For her focus on bipartisanship and appeal in the Midwest, Klobuchar appears to be competing with former Vice President Joe Biden and South Bend Mayor Pete Buttigieg for more moderate Democratic voters. While she lacks the polling strength of these competitors, Klobuchar is unique as the only moderate female senator in the race.
State of the Race
In general, Klobuchar has been polling around one or two percent—which puts her in the top ten, but just barely. Recently, Klobuchar has been explicitly highlighting her electability, arguing that her electoral successes in Minnesota would make her a competitive candidate in the general election. She is polling sixth in Iowa but told Minnesota Public Radio that she is confident she will qualify for the September debates, when the field is likely to narrow considerably due to the Democratic National Committee’s requirement that candidates earn at least two percent in four different polls leading up to the debate. Klobuchar has reached this threshold in three polls and has already collected donations from 100,000 individual donors (of the 130,000 needed to qualify for the September debate).

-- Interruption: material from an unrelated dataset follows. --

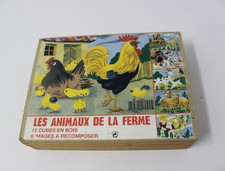 Ancienne boite de 12 cubes avec modeles les animaux de la ferme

After her first year at Yale, Klobuchar worked on a construction crew over the summer, quizzing her coworkers on the new vocabulary she was teaching herself in order to keep up with her classmates. Klobuchar loves to talk about her husband, John Bessler, one of the few men who participates actively in the Senate spouses’ circle. While leaving the Capitol with former Senator Claire McCaskill (D-MO), Klobuchar spied her husband crossing the lawn with a pink box, on his way to a senator’s wife’s baby shower.